As far as the man's expression and Naomasa's equally sullen nod told, it was genuine disappointment. "Then why work with Agent Crocodile?" the hero pressed, regaining raised eyebrows from the two detectives. "He has no problem with having to take a life. I've heard him take more than anyone else I know—"

"Because he's the only one who goes into those situations," Midoriya cut in, hands stuffed into the pockets of his coat. "If it makes you feel any better, he doesn't like it either. Naomasa and I have both talked with him before about it, and according to him every life he's taken weighs on him."

Had Naomasa not spoken in agreement, Shoto wouldn't believe it. But the detective was known for his quirk in detecting truths and lies. "Were these things he told you, directly?" The detective nodded again. "Then why does he do it, if he doesn't like it?"

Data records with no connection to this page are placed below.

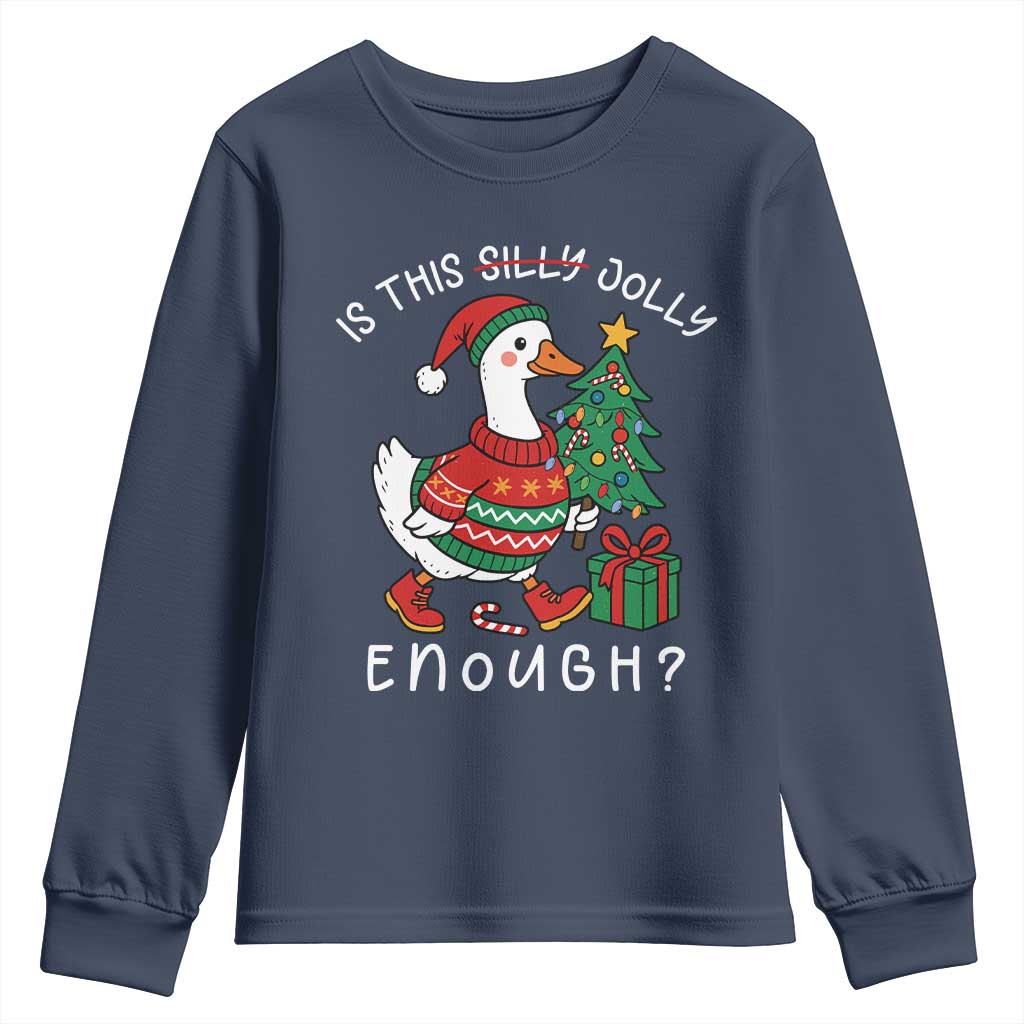 Funny Goose Christmas Youth Sweatshirt Is This Jolly Enough Cute Xmas Duck TS10 Navy Print Your Wear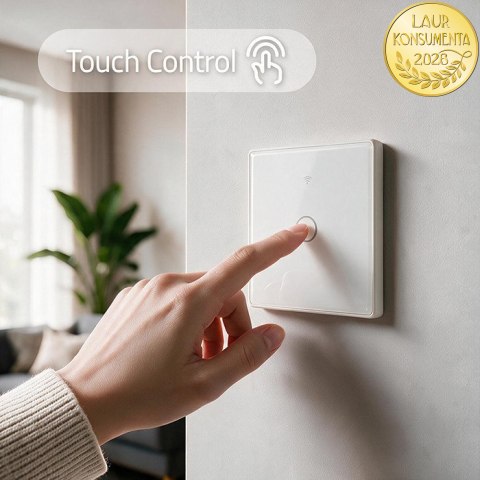 Qoltec Inteligentny dotykowy 1-kanałowy włącznik wyłącznik światła | Wi-Fi | Timer | Tuya | Smart life | Hartowane szkło | Biały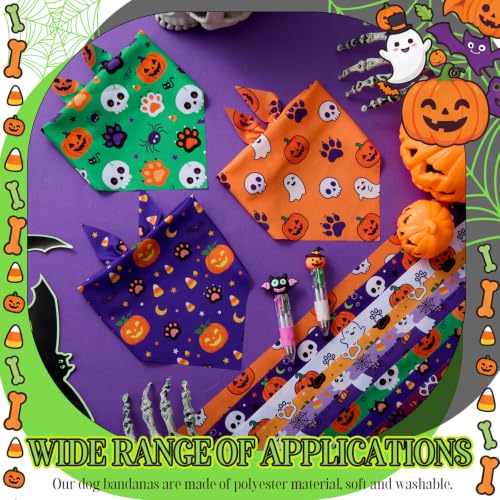 50 Pcs Halloween Dog Bandanas Bulk Cute Dog Paw Prints Pattern (Halloween Paw Print / 31.5 x 21.7 x 21.7")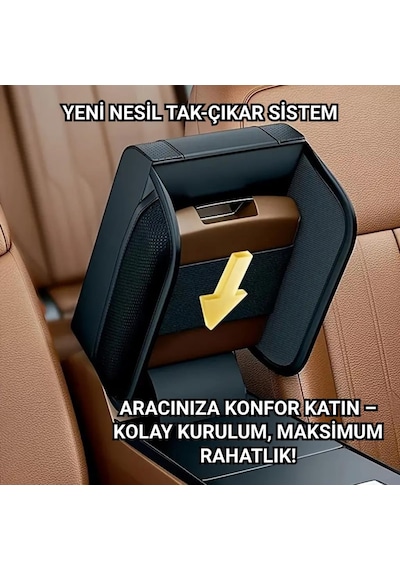 Coofbe Premıum Yumuşak 2 Yan Cüzdanlı Araç Kol Dayama Padi. Kol Dayama Yastığı Araç İçi Organizer Kol Dayama -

"Because he doesn't have much else of a choice," Naomasa provided, him and Midoriya sharing a solemn look. "His quirk doesn't allow him for much in the way of fighting, but he was never going to let his will to save people be anything less than action. It just lead him down a more extreme path than most are willing to go down."

"And not every criminal is out there to listen to us," Midoriya followed up, pacing around the Shoto until he was on the other side. "Too many people act in the disinterest of society and peace, and it isn't like the Hero Association puts a fair amount of funding in our prisons. There's several kinks in this system we need to work out, but putting down a threat is easier than getting law and money shifted in our favor—"

"I bring donuts!" The elevator dinged open across the room, and out strode Sune with boxes stacked in her arms and Ryō and Yō tailing behind her.

"—But this is." Midoriya was quick to turn away and dash to greet the crew, taking a box from her and passing in along to the men previously seated in the room. It was somewhat jarring to watch the man swap from sullen to a bright smile as he chomped down on a chocolate glazed. He jumped into conversation with the officers, greeting them in their seats and completely shouldering the conversation with the hero and the elder detective he had budged into.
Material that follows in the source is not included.